-- Dataset content follows --
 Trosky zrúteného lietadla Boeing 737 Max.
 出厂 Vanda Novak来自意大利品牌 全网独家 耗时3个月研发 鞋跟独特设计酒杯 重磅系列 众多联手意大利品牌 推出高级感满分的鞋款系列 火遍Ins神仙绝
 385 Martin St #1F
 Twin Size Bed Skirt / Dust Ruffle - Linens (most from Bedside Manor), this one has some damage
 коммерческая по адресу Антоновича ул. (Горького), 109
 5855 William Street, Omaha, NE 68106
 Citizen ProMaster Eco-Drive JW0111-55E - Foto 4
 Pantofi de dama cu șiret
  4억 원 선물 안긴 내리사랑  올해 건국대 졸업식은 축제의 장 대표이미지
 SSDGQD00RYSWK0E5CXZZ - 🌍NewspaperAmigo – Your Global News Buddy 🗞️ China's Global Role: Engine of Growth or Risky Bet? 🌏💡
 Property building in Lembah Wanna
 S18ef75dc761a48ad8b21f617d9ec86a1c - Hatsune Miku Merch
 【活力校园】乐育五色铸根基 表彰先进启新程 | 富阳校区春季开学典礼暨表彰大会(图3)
-- Dataset content concluded --
- Your objective -
Only an exact copy of the lines from the beginning of the listing through the line with "Pantofi de dama cu șiret", both included, belongs in the answer.

- Response for this exercise -
 Trosky zrúteného lietadla Boeing 737 Max.
 出厂 Vanda Novak来自意大利品牌 全网独家 耗时3个月研发 鞋跟独特设计酒杯 重磅系列 众多联手意大利品牌 推出高级感满分的鞋款系列 火遍Ins神仙绝
 385 Martin St #1F
 Twin Size Bed Skirt / Dust Ruffle - Linens (most from Bedside Manor), this one has some damage
 коммерческая по адресу Антоновича ул. (Горького), 109
 5855 William Street, Omaha, NE 68106
 Citizen ProMaster Eco-Drive JW0111-55E - Foto 4
 Pantofi de dama cu șiret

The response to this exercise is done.